North Korea causes a power outage across the entire U.S., which apparently renders every military, police and government agency completely useless (no word on whether the Monroe Republic formed elsewhere). When Marine Jed Eckhert (Chris Hemsworth) and his high school quarterback brother Matt (Josh Peck) witness the execution of their father (Brett Cullen), presumably the only cop in the entire city of Spokane, they form a guerilla army of high school students with no discernible personalities or purpose other than to become cannon fodder. Matt goes rogue trying to rescue his imprisoned girlfriend Erica (Isabel Lucas) and, in the process, gets one of the aforementioned students killed, causing a rift between brothers and teaching a valuable life lesson about leadership. Of course, this development would matter to the audience if we cared about who was getting killed or why.

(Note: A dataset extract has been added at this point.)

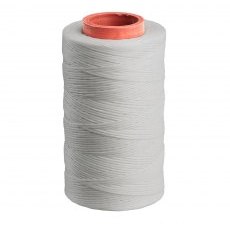 Bitz Plaiting Thread Bitz Plaiting Thread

Rather than using this remake to explore Cold War paranoia, or even develop a lighthearted adolescent action movie, Bradley handles “Red Dawn” like “Platoon” for pubescents. He grievously miscalculates “Red Dawn” as a straightforward war film which forces the audience to take his ridiculous premise seriously, making the movie insufferable in the process. Any attempts to add unnecessary moral ambiguity amongst the oorah posturing, even though Milius’ “Red Dawn” was notoriously pro-American, results in facepalm-inducing lines such as, “In Iraq, they were the bad guys and we were the good guys because we kept order. Now, (the North Koreans) are the good guys and we are the bad guys because we create chaos.” Yay, America?
In the midst of guerilla warfare, the teenage terrorists stop by a Subway, where they load up on footlongs and engage in a lengthy discussion about how tasty the food is. If there is any question as to who really won the Cold War, product placement for a national fast-food franchise within Communist-occupied territory settles that dispute. How bad can our Communist overlords be if we can still “Eat fresh?”